Exercise 3: DNS Record Technology Identification

Difficulty: Intermediate | Estimated Time: 45 minutes

Write a Python script using the dnspython library that: - Queries all common DNS record types (A, AAAA, MX, NS, TXT, SOA, CNAME, CAA) for a target domain - Analyzes MX records to identify the email provider - Parses TXT records to identify SPF includes, DMARC policies, and domain verification tokens - Generates a "technology fingerprint" report listing all identified services

Run your script against three different authorized domains and compare the technology footprints. Which domain reveals the most information through DNS alone?

Exercise 4: Google Dorking Workshop

Difficulty: Intermediate | Estimated Time: 1 hour

Create a comprehensive Google dork cheat sheet for a hypothetical penetration test. For each of the following categories, write at least three Google dork queries: 1. Login and administration pages 2. Exposed documents (PDF, DOCX, XLSX) 3. Directory listings 4. Error messages and stack traces 5. Configuration files 6. Email addresses 7. Subdomains not linked from the main site 8. Technology stack identification

Then, using an authorized target (such as a bug bounty program), execute your dorks and document any findings. Note which dork categories yielded the most results.
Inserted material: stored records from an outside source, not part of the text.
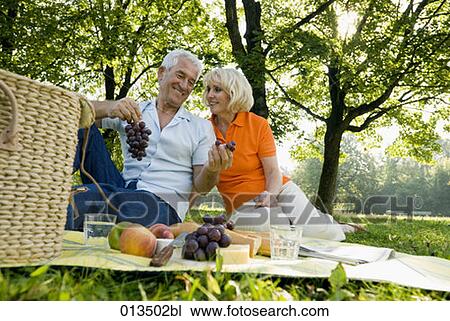mature couple sharing grapes at picnic View Large Photo Image Stock Image - mature couple sharing grapes at picnic. Fotosearch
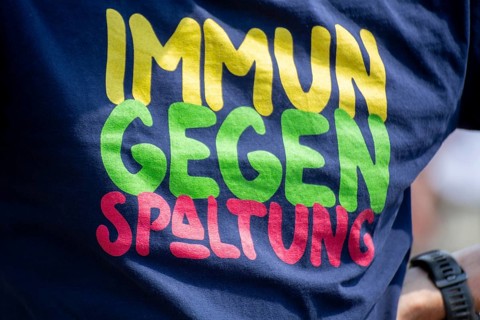 Immune to division. A man wears a T-shirt with this inscription at a peace demonstration in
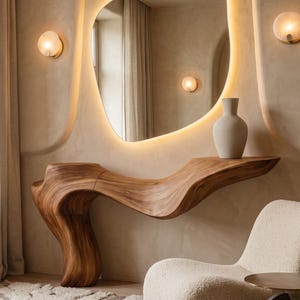 May include: A wall-mounted console table crafted from natural wood with a fluid, organic, wave-like shape. Above the table hangs an asymmetrical, backlit mirror. A matte beige vase sits on the table surface, and a textured cream chair is nearby.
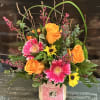 An arrangement of fresh flowers atop a Sweet Grass Farm Fragrant Candle.
This
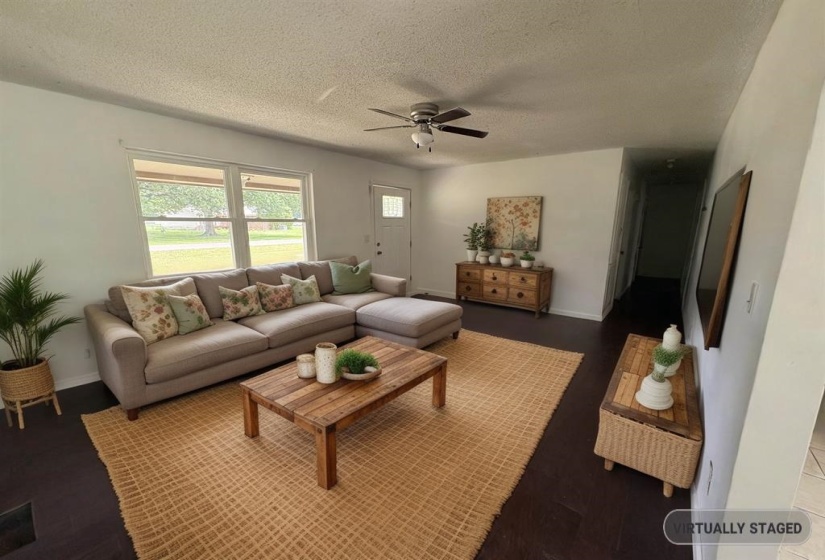 Living room featuring a textured ceiling and a ceiling fan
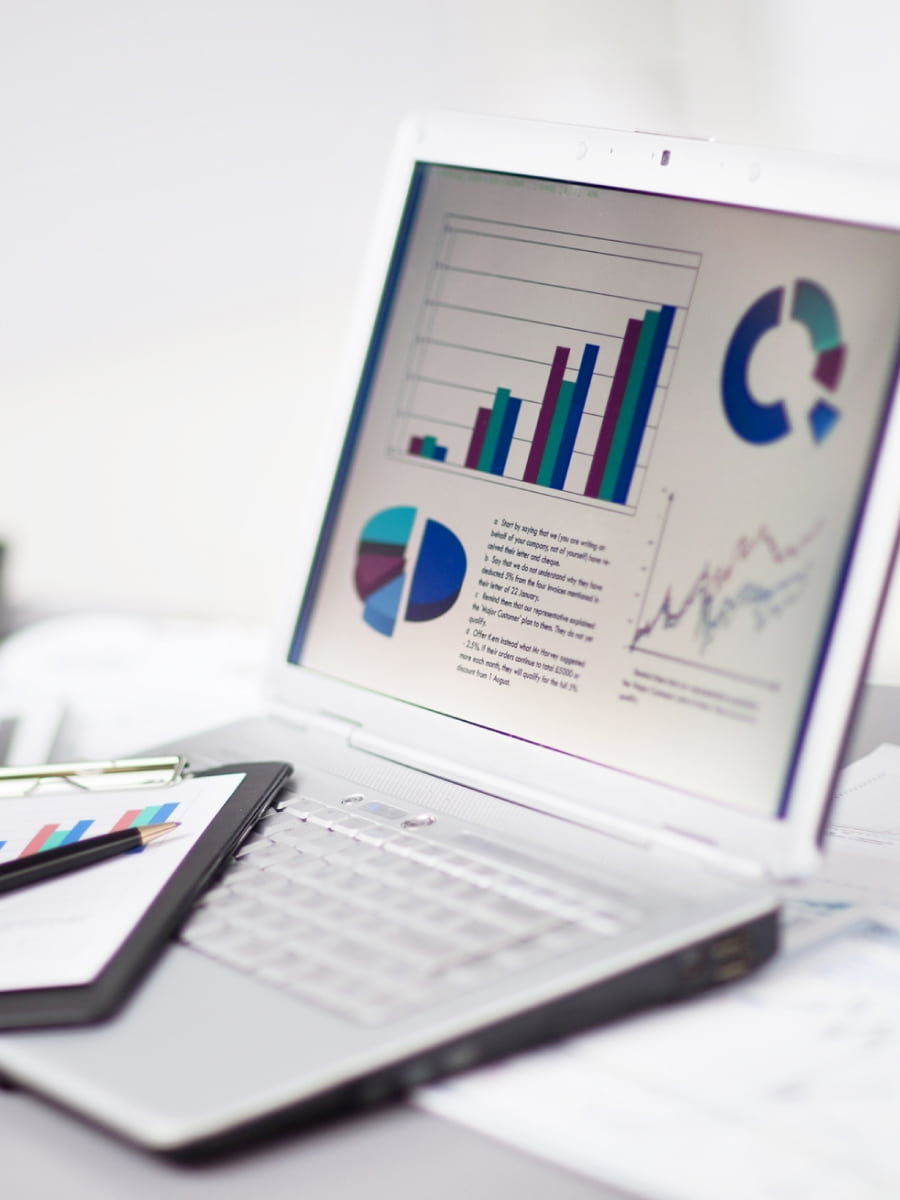 Laptop on desk with positive stats and colored graphs on the screen for commercial real estate appraisals and valuations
Exercise 5: Email Format Detection and Generation

Difficulty: Intermediate | Estimated Time: 45 minutes

Using publicly available information (company websites, press releases, public documents), determine the email format used by three different organizations. For each organization: - Find at least two verified email addresses - Determine the email format pattern (first.last, flast, etc.) - Generate a list of 10 probable email addresses using employee names from LinkedIn - Document your methodology and sources

Write a Python function that accepts a domain, a list of (first_name, last_name) tuples, and an email format string, then returns a list of generated email addresses.

Exercise 6: Shodan Organization Reconnaissance

Difficulty: Intermediate | Estimated Time: 1 hour

Using Shodan (free account), investigate the internet-facing infrastructure of an authorized target organization. Document: - Total number of hosts found - Open ports and services - Software versions identified - Any potentially vulnerable services (outdated versions, known CVEs) - Cloud vs. on-premise infrastructure indicators - Any unexpected services (databases, development tools, IoT devices)

Create a risk-prioritized summary of your findings. Which discoveries would you investigate first during active reconnaissance?

Exercise 7: Document Metadata Extraction

Difficulty: Intermediate | Estimated Time: 45 minutes

Download 5-10 publicly available documents (PDFs, Word files, presentations) from an authorized target's website. Using ExifTool or a Python metadata extraction library: - Extract all metadata from each document - Identify any internal usernames or author names - Note any internal file paths or system information - List software and version information - Check for GPS coordinates in any images

Write a brief intelligence report summarizing what the metadata reveals about the organization's internal environment.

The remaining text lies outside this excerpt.